In short, shoot with as shallow a dof as you can muster (going long on focal length helps here). Start grabbing shots all around your subject (try to grab the subject first to minimize shifting between shots). I think the originator of the popularity of the technique (Brenizer) actually said somewhere that he only shoots JPG for these, as the resolution will be ridiculous once stacked, and he doesn’t gain anything by shooting raw.
@paperdigits there are plenty of tutorial for Brenizer.
Simplifing: shallow deep of field, shoot first tour subject, then, going from near to far, shoot around, then stitch everything with hugin
I, too, have recently discovered this capability within Hugin. It is really convenient for those times you forget your tripod! But also, it works great for general HDR workflow too. It is really useful that it produces exr images that can be further edited in Darktable, etc. Hugin is such a great tool!
Thanks! Maybe with the help of @patdavid and @Dario_M (and others?) we can transform it into a real tutorial? It would need a more representative example of bracketed image and some better/more exhaustive text…
Yes! I had been working on one for a panorama, but have not be able to achieve good results lately. I can capture some bracked shots for this.
This was not clear to me, perhaps it is a different because you’re on OS X. When you click the “Create control points” button, does it launch the “Finding control points” action or does it move you to the “Optimizer” tab?
Yes! This would be great! I, too, will be happy to help if I can. Certainly I could donate some bracketed shots at the very least. Just let me know what I can do to help!
Cool, I will do that ASAP. It the first day of class today, and I have to finish preparing my lectures, but I will try to get this done by tomorrow afternoon…
Awesome!
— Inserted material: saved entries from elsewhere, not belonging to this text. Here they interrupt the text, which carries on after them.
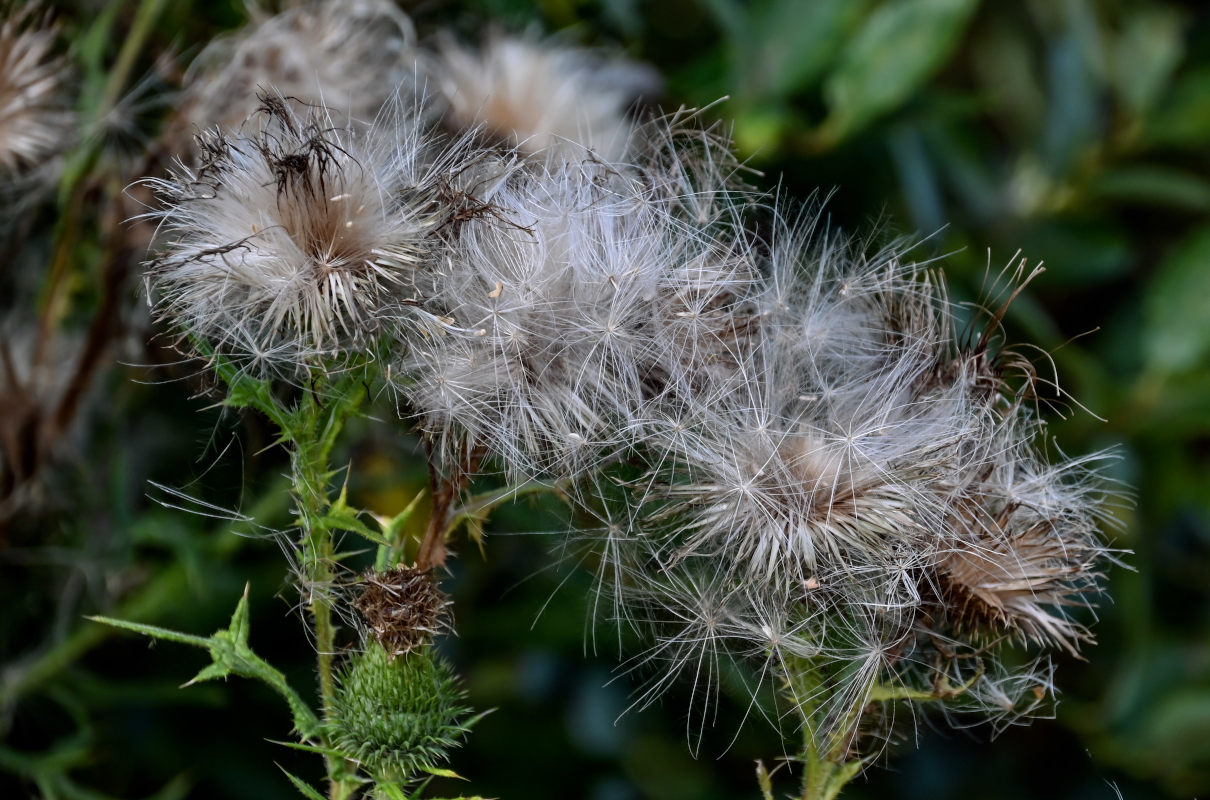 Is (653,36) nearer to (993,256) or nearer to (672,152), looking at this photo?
(993,256)

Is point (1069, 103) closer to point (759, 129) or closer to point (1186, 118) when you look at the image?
point (1186, 118)

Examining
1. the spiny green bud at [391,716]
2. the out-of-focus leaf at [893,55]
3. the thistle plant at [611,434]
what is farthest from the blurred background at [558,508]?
the spiny green bud at [391,716]

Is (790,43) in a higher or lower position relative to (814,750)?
higher

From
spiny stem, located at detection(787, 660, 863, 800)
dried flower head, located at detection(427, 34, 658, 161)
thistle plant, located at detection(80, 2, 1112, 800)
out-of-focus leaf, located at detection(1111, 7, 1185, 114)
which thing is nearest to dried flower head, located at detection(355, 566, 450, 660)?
thistle plant, located at detection(80, 2, 1112, 800)

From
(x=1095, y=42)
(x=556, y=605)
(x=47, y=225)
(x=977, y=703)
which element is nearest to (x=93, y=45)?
(x=47, y=225)

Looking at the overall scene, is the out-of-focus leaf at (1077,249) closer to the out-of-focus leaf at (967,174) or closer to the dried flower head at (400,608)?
the out-of-focus leaf at (967,174)

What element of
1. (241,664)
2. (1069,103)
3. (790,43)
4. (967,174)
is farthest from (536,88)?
(1069,103) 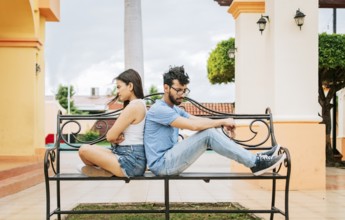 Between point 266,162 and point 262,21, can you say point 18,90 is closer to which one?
point 262,21

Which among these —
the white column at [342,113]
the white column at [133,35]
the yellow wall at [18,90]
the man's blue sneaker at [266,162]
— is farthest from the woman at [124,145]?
the white column at [342,113]

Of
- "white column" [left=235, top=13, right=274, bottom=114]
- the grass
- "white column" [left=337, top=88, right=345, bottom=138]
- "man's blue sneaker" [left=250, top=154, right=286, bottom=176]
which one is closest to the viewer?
"man's blue sneaker" [left=250, top=154, right=286, bottom=176]

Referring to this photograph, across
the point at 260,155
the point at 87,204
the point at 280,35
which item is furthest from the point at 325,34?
the point at 260,155

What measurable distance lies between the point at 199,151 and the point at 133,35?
6.00m

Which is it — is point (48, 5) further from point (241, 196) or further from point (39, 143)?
point (241, 196)

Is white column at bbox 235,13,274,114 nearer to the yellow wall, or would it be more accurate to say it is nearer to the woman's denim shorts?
the yellow wall

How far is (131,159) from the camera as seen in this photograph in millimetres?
4750

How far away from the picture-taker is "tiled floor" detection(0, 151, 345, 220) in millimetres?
6330

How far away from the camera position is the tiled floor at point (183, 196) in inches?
249

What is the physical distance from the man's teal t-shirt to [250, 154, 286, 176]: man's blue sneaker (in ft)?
2.42

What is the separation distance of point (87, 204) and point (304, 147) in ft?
11.1

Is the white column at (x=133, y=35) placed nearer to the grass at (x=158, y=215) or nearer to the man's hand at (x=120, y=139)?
the grass at (x=158, y=215)

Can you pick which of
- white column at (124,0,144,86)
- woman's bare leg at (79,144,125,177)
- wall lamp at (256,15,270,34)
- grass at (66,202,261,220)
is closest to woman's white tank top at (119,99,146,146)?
woman's bare leg at (79,144,125,177)

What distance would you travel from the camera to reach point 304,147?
840 cm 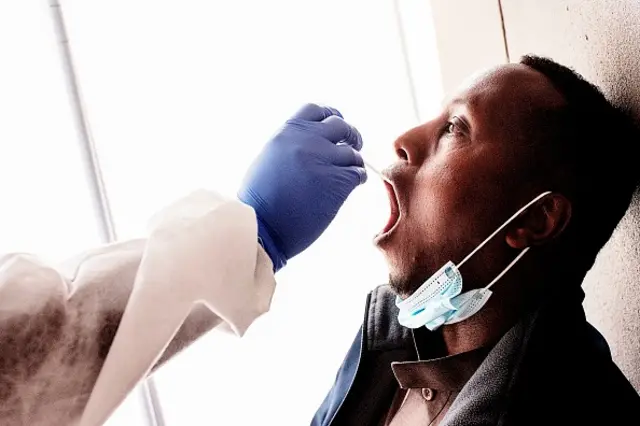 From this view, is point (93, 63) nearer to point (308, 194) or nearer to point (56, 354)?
point (308, 194)

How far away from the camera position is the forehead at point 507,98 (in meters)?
1.13

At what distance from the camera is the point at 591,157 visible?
3.69 ft

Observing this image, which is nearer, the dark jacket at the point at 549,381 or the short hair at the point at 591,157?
the dark jacket at the point at 549,381

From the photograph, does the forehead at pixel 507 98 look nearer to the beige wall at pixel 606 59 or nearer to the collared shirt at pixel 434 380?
the beige wall at pixel 606 59

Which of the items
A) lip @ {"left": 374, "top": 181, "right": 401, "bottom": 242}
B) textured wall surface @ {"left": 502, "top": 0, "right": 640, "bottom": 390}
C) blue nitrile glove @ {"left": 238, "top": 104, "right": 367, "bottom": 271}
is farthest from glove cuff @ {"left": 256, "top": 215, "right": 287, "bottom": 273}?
textured wall surface @ {"left": 502, "top": 0, "right": 640, "bottom": 390}

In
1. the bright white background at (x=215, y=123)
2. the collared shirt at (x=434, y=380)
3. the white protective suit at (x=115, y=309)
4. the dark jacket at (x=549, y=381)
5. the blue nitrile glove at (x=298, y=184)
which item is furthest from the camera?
the bright white background at (x=215, y=123)

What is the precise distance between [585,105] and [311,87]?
89 centimetres

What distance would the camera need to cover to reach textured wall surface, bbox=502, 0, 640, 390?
3.59ft

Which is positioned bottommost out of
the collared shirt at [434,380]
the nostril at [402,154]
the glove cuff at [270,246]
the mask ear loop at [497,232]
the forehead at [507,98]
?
the collared shirt at [434,380]

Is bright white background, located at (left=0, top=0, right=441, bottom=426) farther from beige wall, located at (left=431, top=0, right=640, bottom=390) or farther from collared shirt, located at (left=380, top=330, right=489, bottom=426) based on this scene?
collared shirt, located at (left=380, top=330, right=489, bottom=426)

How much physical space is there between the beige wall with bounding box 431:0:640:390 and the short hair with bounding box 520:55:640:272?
0.12 ft

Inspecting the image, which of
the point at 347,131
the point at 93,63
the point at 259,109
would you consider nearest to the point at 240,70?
the point at 259,109

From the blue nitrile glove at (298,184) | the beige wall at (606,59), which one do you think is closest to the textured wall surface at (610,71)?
the beige wall at (606,59)

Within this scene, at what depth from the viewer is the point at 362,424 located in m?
1.25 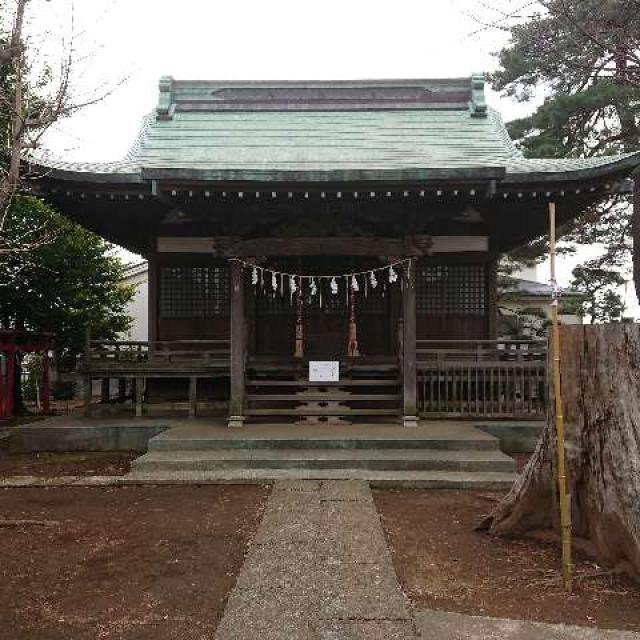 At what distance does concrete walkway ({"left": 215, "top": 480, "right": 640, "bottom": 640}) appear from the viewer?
3.36 m

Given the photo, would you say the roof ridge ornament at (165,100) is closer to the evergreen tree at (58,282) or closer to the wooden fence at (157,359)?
the evergreen tree at (58,282)

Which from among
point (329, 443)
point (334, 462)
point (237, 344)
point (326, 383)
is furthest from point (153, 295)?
point (334, 462)

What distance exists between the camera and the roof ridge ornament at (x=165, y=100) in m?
13.8

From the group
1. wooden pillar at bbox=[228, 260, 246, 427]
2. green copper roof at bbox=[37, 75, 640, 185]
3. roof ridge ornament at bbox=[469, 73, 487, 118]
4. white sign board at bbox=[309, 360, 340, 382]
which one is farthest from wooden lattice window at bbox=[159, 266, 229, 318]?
roof ridge ornament at bbox=[469, 73, 487, 118]

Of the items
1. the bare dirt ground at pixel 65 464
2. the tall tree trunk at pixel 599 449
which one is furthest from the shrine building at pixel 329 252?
the tall tree trunk at pixel 599 449

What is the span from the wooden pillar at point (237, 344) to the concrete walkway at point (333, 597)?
419 centimetres

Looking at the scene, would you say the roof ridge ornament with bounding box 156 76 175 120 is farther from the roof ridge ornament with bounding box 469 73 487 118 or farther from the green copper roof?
the roof ridge ornament with bounding box 469 73 487 118

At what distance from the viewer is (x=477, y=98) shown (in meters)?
13.8

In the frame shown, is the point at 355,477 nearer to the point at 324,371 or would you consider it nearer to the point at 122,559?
the point at 324,371

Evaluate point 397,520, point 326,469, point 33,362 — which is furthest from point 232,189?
point 33,362

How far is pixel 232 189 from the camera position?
896 centimetres

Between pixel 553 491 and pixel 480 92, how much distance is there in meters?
11.4

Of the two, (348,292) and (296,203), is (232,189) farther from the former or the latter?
(348,292)

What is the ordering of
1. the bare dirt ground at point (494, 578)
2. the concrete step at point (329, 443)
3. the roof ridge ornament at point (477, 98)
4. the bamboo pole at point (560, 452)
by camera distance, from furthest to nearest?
the roof ridge ornament at point (477, 98) < the concrete step at point (329, 443) < the bamboo pole at point (560, 452) < the bare dirt ground at point (494, 578)
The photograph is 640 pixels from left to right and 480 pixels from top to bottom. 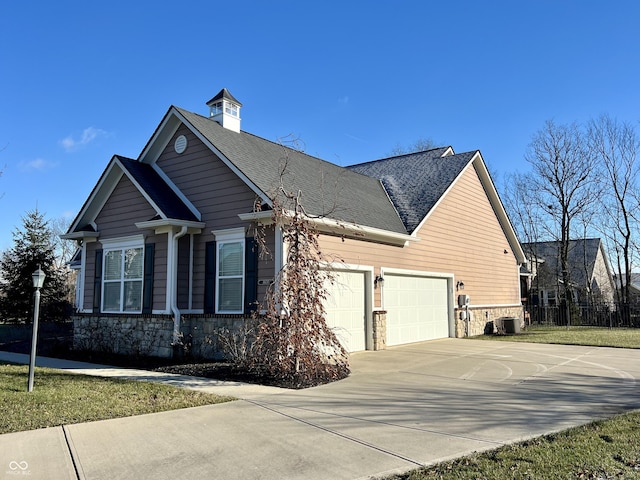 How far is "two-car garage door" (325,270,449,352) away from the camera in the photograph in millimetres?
12758

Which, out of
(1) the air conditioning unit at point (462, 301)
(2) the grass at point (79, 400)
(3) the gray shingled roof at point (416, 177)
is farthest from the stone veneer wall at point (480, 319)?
(2) the grass at point (79, 400)

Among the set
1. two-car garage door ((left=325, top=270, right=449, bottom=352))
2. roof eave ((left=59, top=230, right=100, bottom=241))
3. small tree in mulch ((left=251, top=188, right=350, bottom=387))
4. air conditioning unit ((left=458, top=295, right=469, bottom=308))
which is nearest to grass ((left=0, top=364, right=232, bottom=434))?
small tree in mulch ((left=251, top=188, right=350, bottom=387))

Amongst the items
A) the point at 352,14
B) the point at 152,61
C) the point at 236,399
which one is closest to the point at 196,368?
the point at 236,399

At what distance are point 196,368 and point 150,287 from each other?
3.27m

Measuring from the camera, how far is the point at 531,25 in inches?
468

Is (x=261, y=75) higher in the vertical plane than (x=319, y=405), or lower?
higher

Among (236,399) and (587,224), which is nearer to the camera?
(236,399)

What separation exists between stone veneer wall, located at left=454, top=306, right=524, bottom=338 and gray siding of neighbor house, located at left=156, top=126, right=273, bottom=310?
941cm

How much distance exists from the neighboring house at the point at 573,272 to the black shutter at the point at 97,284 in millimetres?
26315

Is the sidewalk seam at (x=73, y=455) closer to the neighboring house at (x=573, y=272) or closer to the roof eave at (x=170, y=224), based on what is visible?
the roof eave at (x=170, y=224)

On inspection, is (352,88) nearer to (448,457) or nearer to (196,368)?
(196,368)

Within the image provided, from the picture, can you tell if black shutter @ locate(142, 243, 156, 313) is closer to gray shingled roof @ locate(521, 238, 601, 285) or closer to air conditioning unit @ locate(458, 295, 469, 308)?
air conditioning unit @ locate(458, 295, 469, 308)

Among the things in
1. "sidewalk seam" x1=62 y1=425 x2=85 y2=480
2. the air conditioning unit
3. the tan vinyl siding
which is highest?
the tan vinyl siding

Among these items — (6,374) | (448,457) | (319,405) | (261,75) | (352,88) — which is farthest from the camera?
(352,88) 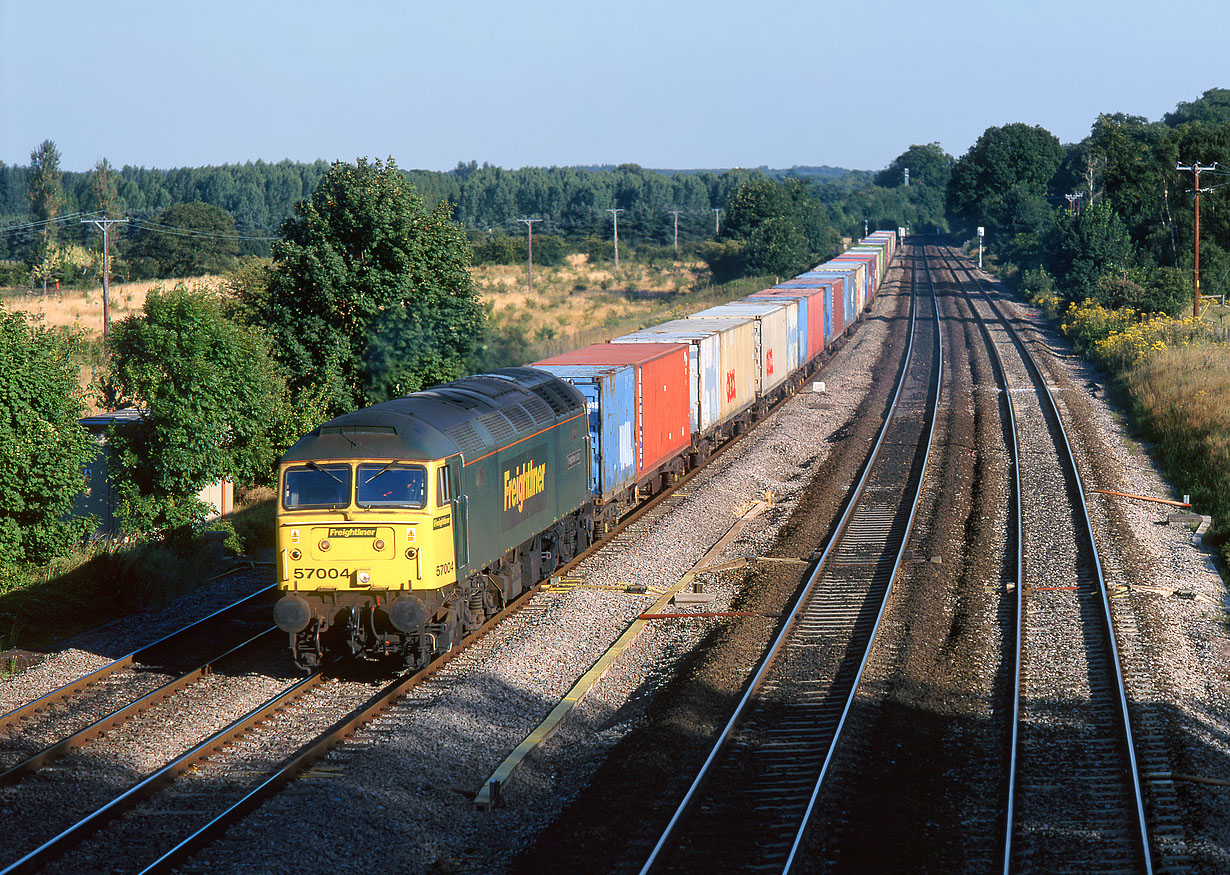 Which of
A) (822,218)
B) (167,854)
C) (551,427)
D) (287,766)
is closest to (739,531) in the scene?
(551,427)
I took a few indoor bracketed example shots yesterday, but want to get some outdoor ones too. What is the best way to get you the images? Fork the git repo, add them and issue a pull request? Just hist them somewhere? Do you want raw images? Jpegs? Tiffs?
Just an FYI, I’ve forked the website repo, made my local clone and have merged up to your “hugin-aligning-images-tutorial” branch. I will add the bracketed shots over the weekend and then will send you a pull request when it is ready!
No lens profile, but I have been achieving good results simply setting lens information manually each time with “equirectangular”, choosing focal length of 12mm, and crop factor of 2 (micro four thirds). The lens is the Samyang/Rokinon 12mm f2. I did a half-hearted Google search for an available lens profile file for this lens the other day, but didn’t find one. Have been too busy to set up a proper calibration image to make a profile with hugin calibration tool, but could try to do that in the next few days…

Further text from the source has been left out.